If your credit card processing terminal is out of regulatory compliance, you’re putting your customer information and possibly your entire business in jeopardy. Businesses that use noncompliant credit card processing equipment are at high risk for a data security breach. A data breach while out of compliance could result in
- fines and penalties up to $500,000
- monthly noncompliance fees
- damage to your reputation
Even if you do not suffer a data breach, noncompliant credit card processing terminals can cause major headaches including
- slower payment transactions
- longer downtimes
- loss of service
- inability to find replacement parts
Are you at risk for a data security breach?
The slippery slope of noncompliance is a steep one that can lead to disaster before you know it. The scale below shows how quickly bad can lead to worse once you let your credit card processing equipment fall out of compliance.
Core terminals are fully updated, and receive Class A support from the manufacturer and your merchant services provider, including troubleshooting and technical support.
Non-Class A terminals are no longer in production and do not have manufacturer support. Replacement parts and inventory are increasingly difficult to find, and performance steadily degrades.
Noncompliant terminals no longer meet the standards for regulatory compliance. Merchants using noncompliant equipment are at risk for data security breaches and subsequent penalties up to $100,000.
Unsupported terminals are noncompliant and are not supported by the manufacturer or your merchant services provider. These terminals may be supported by a third-party service provider, but still put you at risk for breaches and penalties.

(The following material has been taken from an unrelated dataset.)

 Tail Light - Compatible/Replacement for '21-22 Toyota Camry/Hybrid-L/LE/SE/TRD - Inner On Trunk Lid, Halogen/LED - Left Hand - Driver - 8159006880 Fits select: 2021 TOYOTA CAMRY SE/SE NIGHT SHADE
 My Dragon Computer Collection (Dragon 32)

Obsolete terminals are outdated, noncompliant and wholly unsupported, making them ineligible for updates, modifications, troubleshooting or repairs. These terminals pose the highest risk for security breaches and subsequent fines. Continued use of these terminals may lead to the inability to accept credit cards and the potential failure of your business.
What devices need to be in compliance?
Any equipment that you use to process credit card payments must meet industry and government compliance requirements, particularly the Payment Card Industry Data Security Standards (PCI DSS). Following are the basics of compliance for credit card processing equipment.
The PCI DSS clearly states that sensitive information (including credit card numbers and expiration dates) cannot be stored on any credit card processing equipment. Specific compliance requirements are outlined in the PCI DSS. Credit card processing equipment that does not adhere to these security standards is classified as noncompliant and puts your business at risk for fines and data security breaches.
The data security standards outline specific requirements for the printing of credit card receipts. Only the last four digits of a credit card number may be shown and the expiration date must be obscured on all copies of a receipt. Use of noncompliant equipment that does not adhere to these standards can lead to fines and limited processing capability.
Debit cards (often referred to as bank cards) and electronic benefits transfers (EBTs) require customers to enter a personal identification number (PIN) into a PIN pad or other PIN entry device (PED). PED compliance calls for rigorous security measures, such as triple DES encryption, fixed key security and authentication software. Using a noncompliant PED could result in fines and the inability to process PIN-based cards.
Triple DES Encryption
Visa and MasterCard stipulate that all PEDs encode PIN data using a multilayer data encryption standard (DES) algorithm. Failure to use triple DES encryption knocks your PED out of compliance and puts you at risk for the consequences listed above.